Eusebio, el más piadoso e incansable de nuestros iluminados: salvador en alma y acción. No sería de extrañar que la vieja muralla, emblema del necesario retorno a los comienzos, ya estuviera abierta para recibirle como a hijo iluminado en los brazos de una madre sagrada que le esperaba con la serenidad de los mundos que duermen, solo aparentemente vencida por el tiempo y la tiniebla, tras larguísima y silente vigilia, y que le acogería para siempre en sus cielos matrices. Con él —y todos hemos sido testigos de estos milagros de piedad y pasión—, la luz de un continuamente inspirado obrar engranaría mucho más que la resurrección del corazón natal de nuestra ciudad.
Más que eje angular de la urbe futura o casco histórico, Eusebio transformó ese epicentro primigenio de piedra fundacional en la semilla de una resurrección interna y externa, visible e invisible, cuyo sino e intensidad ya no serían nunca intramurales porque arraigaría en el alma de sus compatriotas, hijos y padres de todo hombre nacido en estas mágicas costas y honduras, aprendices eternos que somos todos los que le vimos trabajar y escuchamos su voz de impecable Maestro de La Obra.
Fe y acción tuvieron en Eusebio el atanor perfecto al hacer grande e imborrable la piedad salvadora que tuvo para él, como todo acto genésico, amparo y sostén en la invariable fe de Martí y de Fidel en el mejoramiento humano. No dejemos nunca de escuchar su voz urdida en virtud, porque su alma, intacta, nos estará guiando y protegiendo desde el fondo de cada una de las piedras que él mismo rescató de la sombra y el olvido.

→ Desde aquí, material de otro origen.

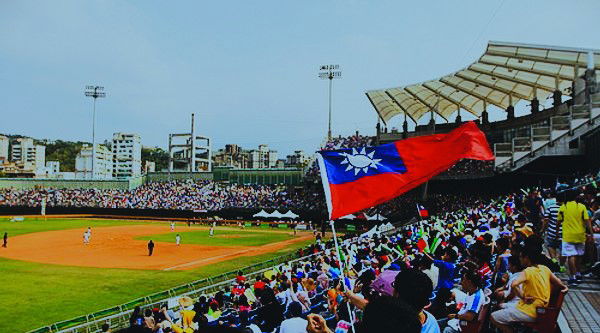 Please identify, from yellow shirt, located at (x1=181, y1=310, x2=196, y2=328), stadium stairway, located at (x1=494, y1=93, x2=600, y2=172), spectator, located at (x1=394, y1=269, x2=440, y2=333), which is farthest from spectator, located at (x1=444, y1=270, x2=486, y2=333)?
stadium stairway, located at (x1=494, y1=93, x2=600, y2=172)

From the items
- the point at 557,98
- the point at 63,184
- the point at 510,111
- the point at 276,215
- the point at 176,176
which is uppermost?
the point at 510,111

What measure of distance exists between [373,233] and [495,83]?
2826 cm

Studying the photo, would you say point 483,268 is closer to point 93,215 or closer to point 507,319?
point 507,319

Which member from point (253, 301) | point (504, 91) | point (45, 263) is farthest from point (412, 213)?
point (253, 301)

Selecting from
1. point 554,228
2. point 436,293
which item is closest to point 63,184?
point 554,228

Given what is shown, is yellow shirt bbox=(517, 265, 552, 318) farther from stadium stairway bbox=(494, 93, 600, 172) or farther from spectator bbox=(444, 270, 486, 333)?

La ciudad salvada sigue ahora con nosotros de su mano, latiendo como criatura que crece y se despierta. El misterio nunca cesara de recrear, salvándonos cielo y tierra de un mismo trazo si, como Eusebio, no dormimos ni esperamos nunca otro milagro que el que seamos capaces de crear, renovar y sostener nosotros mismos. Eusebio, siempre leal, vive en el eco de sus actos, en las cúpulas, escalinatas, arcadas, panales de columnas y cimientos. Hagamos nuestro ese eco. Desde los reflujos del verbo que se desgrana atravesando vitrales y naves de luz, él nos habla, conduce y abraza. Estemos siempre atentos, porque su voz nunca dormirá: El verdadero maestro jamás reposa.